最大の焦点である東部ドネツク、ルガンスク両州の統治体制を巡っては「特定地域に暫定的自治権を付与する特別な地位に関する法律を定め、地方分権を実施する」と明記した。
東部の「特別な地位」は高度の自治権獲得を目指す親ロ派が要求していた文言。
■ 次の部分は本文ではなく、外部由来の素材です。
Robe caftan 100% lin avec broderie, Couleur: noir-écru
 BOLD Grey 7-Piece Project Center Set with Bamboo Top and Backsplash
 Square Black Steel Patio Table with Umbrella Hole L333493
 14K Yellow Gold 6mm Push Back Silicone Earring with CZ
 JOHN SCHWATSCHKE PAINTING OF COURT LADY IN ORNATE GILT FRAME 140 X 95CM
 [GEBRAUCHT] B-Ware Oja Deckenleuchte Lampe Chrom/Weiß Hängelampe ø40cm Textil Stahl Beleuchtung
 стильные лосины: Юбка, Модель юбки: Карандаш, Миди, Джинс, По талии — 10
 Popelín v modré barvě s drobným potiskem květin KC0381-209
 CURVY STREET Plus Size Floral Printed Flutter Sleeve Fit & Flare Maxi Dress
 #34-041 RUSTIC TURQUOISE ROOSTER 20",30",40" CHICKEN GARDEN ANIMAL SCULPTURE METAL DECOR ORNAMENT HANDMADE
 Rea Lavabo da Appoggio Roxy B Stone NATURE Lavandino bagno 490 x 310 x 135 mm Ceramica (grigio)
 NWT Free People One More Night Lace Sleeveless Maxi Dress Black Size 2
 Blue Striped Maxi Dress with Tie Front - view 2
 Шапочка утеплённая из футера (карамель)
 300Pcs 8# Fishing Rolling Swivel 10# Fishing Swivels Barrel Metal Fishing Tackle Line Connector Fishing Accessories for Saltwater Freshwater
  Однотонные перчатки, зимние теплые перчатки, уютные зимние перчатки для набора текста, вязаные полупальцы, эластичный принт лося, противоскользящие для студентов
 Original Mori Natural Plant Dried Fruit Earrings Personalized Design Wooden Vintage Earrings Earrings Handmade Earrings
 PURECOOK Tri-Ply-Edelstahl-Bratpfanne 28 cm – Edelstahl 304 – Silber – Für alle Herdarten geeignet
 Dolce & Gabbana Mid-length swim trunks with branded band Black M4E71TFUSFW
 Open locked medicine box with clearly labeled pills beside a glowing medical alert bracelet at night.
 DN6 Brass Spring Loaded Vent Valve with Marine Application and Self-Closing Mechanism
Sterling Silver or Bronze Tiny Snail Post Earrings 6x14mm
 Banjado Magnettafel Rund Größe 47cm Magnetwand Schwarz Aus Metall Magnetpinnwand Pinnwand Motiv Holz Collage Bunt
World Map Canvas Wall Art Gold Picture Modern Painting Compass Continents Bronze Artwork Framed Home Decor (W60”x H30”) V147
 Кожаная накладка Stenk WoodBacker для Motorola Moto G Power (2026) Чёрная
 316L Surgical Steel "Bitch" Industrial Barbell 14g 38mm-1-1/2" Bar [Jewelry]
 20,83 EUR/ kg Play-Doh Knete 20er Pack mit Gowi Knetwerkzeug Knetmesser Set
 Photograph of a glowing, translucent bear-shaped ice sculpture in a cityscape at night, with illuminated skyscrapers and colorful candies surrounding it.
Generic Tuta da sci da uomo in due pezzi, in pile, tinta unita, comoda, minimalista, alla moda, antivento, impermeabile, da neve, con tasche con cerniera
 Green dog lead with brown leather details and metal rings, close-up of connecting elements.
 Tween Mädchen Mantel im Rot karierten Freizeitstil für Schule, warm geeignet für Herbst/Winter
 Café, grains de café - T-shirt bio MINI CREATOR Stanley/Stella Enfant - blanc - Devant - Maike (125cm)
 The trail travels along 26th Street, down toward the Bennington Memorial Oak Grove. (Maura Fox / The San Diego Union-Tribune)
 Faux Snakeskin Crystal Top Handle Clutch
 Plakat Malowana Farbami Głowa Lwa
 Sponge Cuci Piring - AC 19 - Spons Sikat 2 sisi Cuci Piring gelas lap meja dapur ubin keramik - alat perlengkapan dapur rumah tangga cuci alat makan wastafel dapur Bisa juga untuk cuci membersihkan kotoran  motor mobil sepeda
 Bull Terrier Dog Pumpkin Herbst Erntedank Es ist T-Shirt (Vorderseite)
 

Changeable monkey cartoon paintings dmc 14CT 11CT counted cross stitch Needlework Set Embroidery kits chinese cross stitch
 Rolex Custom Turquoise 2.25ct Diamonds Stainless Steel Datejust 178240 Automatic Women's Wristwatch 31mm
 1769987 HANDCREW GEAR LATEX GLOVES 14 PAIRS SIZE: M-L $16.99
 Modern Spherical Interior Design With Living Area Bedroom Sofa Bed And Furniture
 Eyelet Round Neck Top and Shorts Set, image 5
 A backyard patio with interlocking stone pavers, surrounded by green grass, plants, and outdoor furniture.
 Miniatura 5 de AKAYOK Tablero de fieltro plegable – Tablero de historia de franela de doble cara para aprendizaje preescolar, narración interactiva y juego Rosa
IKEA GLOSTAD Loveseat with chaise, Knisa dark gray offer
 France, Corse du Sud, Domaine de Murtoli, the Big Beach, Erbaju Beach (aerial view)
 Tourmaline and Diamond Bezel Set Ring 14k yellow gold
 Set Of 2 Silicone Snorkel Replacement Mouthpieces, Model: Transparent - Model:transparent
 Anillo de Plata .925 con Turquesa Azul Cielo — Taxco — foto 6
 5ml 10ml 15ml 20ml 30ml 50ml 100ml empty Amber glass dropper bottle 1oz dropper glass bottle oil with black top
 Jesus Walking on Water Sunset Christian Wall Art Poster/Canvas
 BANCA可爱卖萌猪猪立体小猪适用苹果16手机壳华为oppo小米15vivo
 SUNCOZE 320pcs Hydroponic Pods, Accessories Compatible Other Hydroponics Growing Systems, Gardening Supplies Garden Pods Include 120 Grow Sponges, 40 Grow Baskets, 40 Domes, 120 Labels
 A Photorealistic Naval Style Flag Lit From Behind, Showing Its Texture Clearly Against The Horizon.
親ロ派が掲げていた自治体の繰り上げ選挙の実施も盛り込まれた。
[ウクライナ停戦合意文書の12項目]
1、双方の即時停戦
2、欧州安保協力機構(OSCE)による停戦監視
3、ドネツク、ルガンスク両州の特定地域に暫定的自治権を付与する「特別な地位」に関する法律を定め、地方分権を実施
4、ロシア、ウクライナ国境に安全地帯を設け、OSCEが常設の監視を実施
5、捕虜や違法な拘束者の即時解放
6、両州での出来事に関連した者を刑事訴追しない法律の採択
7、国民対話の継続
8、両州の人道状況改善の措置実施
9、特別な地位に関する法律に基づき地元自治体の繰り上げ選挙を実施
10、ウクライナ領土からの違法な武装組織、兵器、雇い兵らの撤収
11、両州の経済復興、生活再建に向けた計画策定
12、停戦協議の参加者について身の安全の保証
(モスクワ=共同)
政府による親ロ派の戦闘員の恩赦では「両州の出来事に関与した人の刑事訴追を見送る法律を採択する」と明示。対象を「テロリスト」とみなしてきた親ロ派の幹部にも事実上広げた。
政府側は親ロ派の武装解除やロシア軍の撤退を求めてきたが、覚書では「違法な武装組織」との表現にとどまり、名指しはされなかった。
ウクライナのポロシェンコ大統領は5日、覚書について「私の和平計画がベースになっている」と語ったが、6月時点の政府の和平計画と比べると親ロ派側に大幅に譲歩した内容となった。親ロ派優位に傾く戦況や経済情勢の悪化を背景に戦闘終結を最優先し、妥協に踏み切ったとみられる。
ただ、東部の「特別な地位」の中身については独自の軍の編成権や司法権など準国家的権限を求める親ロ派側と、あくまで一定の地方分権にとどめたい政府側との主張の隔たりは大きい。
ロシア通信によるとルガンスク州の親ロ派最高幹部は7日、覚書について「平和のための妥協の用意はあるが、独立を諦めたわけではない」と強調した。月内には両者による本格的な和平交渉が始まる見通しだが、協議は難航が必至だ。
欧米各国が重視するロシア軍兵士のウクライナ東部からの撤退もいつ実現するか不透明だ。ロシア政府はそもそもウクライナでの自国軍の存在を認めていない。
ウクライナ政府もロシア軍の脅威は中長期的に続くとみている。